Time to get this blog up and running again

It’s been sixteen months since my last entry, which is absolutely unconscionable given all that’s happened in the interim.  Nothing terribly important, of course, merely:

— an attempted coup d’état;

— a failed effort to hold Donald Trump to account for the January 6 insurrection via a dysfunctional impeachment mechanism;

— the Afghan debacle;

— an ongoing effort by the GOP to re-engineer the electoral process so that a Democrat never enters the White House again;

— the great Biden collapse;

— gathering economic storm clouds;

— and a looming war with Russia, proud owner of more than six thousand nuclear warheads.  

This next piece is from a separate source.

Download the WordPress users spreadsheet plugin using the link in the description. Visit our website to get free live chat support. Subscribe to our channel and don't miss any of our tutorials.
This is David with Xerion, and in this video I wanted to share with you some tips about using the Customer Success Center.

As I said, nothing important – unless, that is, you regard a terminal crisis affecting the global hegemon as noteworthy, at which point it becomes a very important indeed.

What’s it all mean?  Simply that America’s long-running constitutional breakdown is reaching a critical stage.  Every day brings a new horror story as the crisis intensifies.  One moment it’s an unaccountable Supreme Court moving to overturn Roe v. Wade despite polls showing public support running at a whopping 72 percent.  The next it’s the death and destruction of “Build Back Better,” Joe Biden’s highly flawed but nonetheless popular legislative program. Op-ed pages feature articles acknowledging that something is wrong with America’s 234-year-old constitutional system and that perhaps the Founders were not as foresighted as they are usually made out to be.  But no one has a clue as what to do next.

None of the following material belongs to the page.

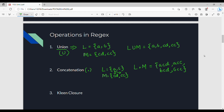This is the concatenation operation. Regular languages or RegEx use the concatenation operation. Next is Kleene closure. So what is Kleene closure? For example, a string is A, and Kleene closure is L-star.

The problem with the Constitution is that its greatest strength, i.e. its Gibraltar-like solidity, turns out to be its greatest weakness since it renders the system all but immune to structural reform.  The amending clause set forth in Article V is a disaster in the same way that the three-fifth clause in Article I was a disaster in the years leading up to the Civil War.  Both immobilize the system at precisely the moment when change is most pressing. Article V’s two-thirds rule, which says that any constitutional change must be approved by two-thirds of each house, means that 34 senators representing as little as 7.4 percent of the country can block any structural reform sought by the other 92.6. The three-fourths rule, which says that proposed amendments must also gain the approval of three-fourths of the states, is even worse since it allows thirteen states representing as little as 4.4 percent do the same.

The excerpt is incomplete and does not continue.